Er zeigte Schmidt den "Prototyp" seiner Parfümschachteln: Eine schwarze Pappschachtel, etwas größer als eine Schachtel Zigaretten, die er innen mit Frischhaltefolie ausgelegt hatte. Auf der Schachtel stand in einem weißen verschnörkelten Schriftzug "Pure Life - The True Smell".
"Ich werde sie heimlich in sämtlichen Parfümgeschäften ins Sortiment einstellen", flüsterte er Schmidt zu. "NACHDEM ICH SIE MIT KLEINEN FISCHABFÄLLEN BEFÜLLT HABE!" platze es dann aus ihm heraus und er bekam einen Lachanfall, bei dem es sich auch um einen Weinkrampf hätte handeln können.
An seinem zweiten Tag in der Firma hatte sich Herr Schwarz in der Mittagspause zu Schmidt an den Kantinentisch gesetzt und ihn gefragt, ob er auch schon die derzeitige Beuys Retrospektive in der Kunsthalle besucht habe oder es vorhabe. Sie teilten sich ein Büro,  wieso musste er sich auch in der Pause zu ihm setzen? Es waren noch ganze Tischreihen frei.
Schmidt antwortete, dass er an Joseph Beuys ungefähr soviel Interesse hege wie am vorvorletzten Gewinner von "Deutschland sucht das Supertalent". Aus irgendeinem Grund dazu animiert hielt ihm daraufhin Herr Schwarz einen Vortrag über Joseph Beuys. Er begann mit dem Einfluss von Rudolf Steiners Anthroposophie auf sein Konzept der Sozialen Plastik und er endete mit Beuys werkimmanenten Humanismus, den er persönlich früher sehr bewundert habe, inzwischen aber nur noch als lächerlich erachte. Er werde die Ausstellung deswegen auch nicht besuchen.
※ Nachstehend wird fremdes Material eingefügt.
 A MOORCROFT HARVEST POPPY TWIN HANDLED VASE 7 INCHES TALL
Nach dem Essen überprüfte Schmidt im Internet seine Aussagen über Beuys. Was er ihm erzählt hatte, stimmte soweit. Vielleicht hatte er mal Kunst studiert und war nicht zuletzt deswegen jetzt so eine verkrachte Existenz.
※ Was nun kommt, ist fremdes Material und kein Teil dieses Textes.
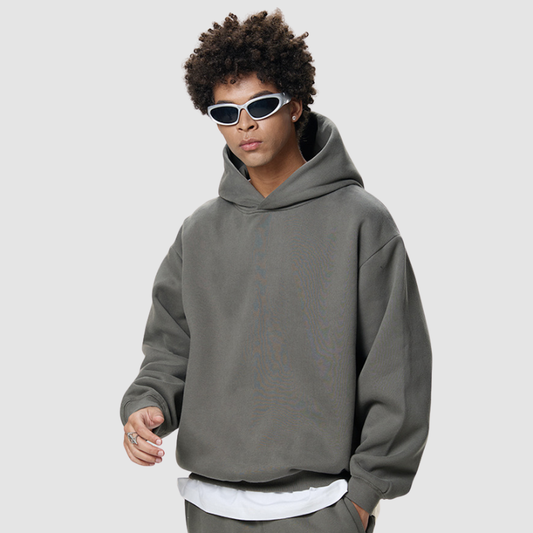 Wholesale Men Cropped Wide Fleece Hoodie | Wonderxfans bulk activewear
Sollte Herr Schwarz nach Beendigung seiner Probezeit übernommen werden, musste sich Schmidt etwas einfallen lassen. Allein die Vorstellung, auf Dauer sein Büro mit ihm teilen zu müssen, war ihm ein Gräuel. Sich bei Frau Schultz-Kramer über ihn zu beschweren, wird ihm nicht helfen, wahrscheinlich sogar nach hinten losgehen. Vielleicht könnte er etwas Verfängliches in seinem Schreibtisch deponieren. In einem von Missgunst und Gehässigkeit geprägten Arbeitsklima sollte es einfach sein, einen Kollegen loszuwerden, der im Kollegium weder über Ansehen noch Sympathie verfügt. Da wartet im Grunde jeder nur darauf, dass irgendjemand mal endlich aktiv wird. Jede noch so haltlose Anschuldigung ist höchst willkommen, sei es auch nur, um der Unterhaltung und Abwechslung wegen.